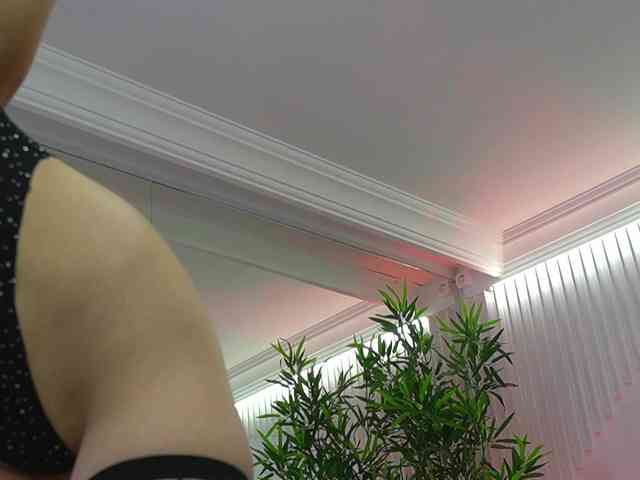 TifannyRay webcam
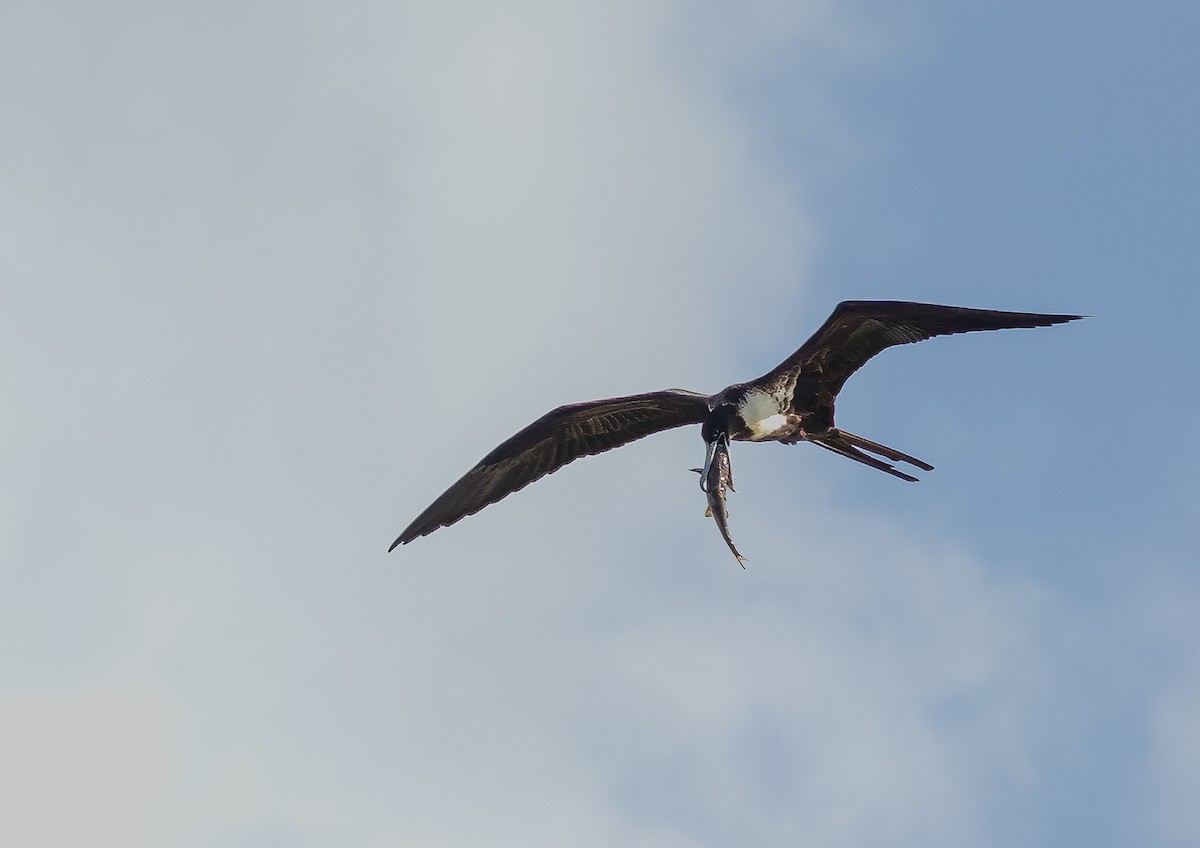 Magnificent Frigatebird - ML632798895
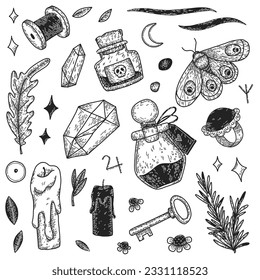 Magical objects - crystals, leaves, moth, candles, poisons. Graphic vector set of occult elements. Witchcraft items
--------------------
Beginning with the line that holds "Magnificent Frigatebird - ML632798895", write out exactly the lines down to the end of the material above, and no others. Pictures are not part of the copy.

** Output of the task **
 Magnificent Frigatebird - ML632798895
 Magical objects - crystals, leaves, moth, candles, poisons. Graphic vector set of occult elements. Witchcraft items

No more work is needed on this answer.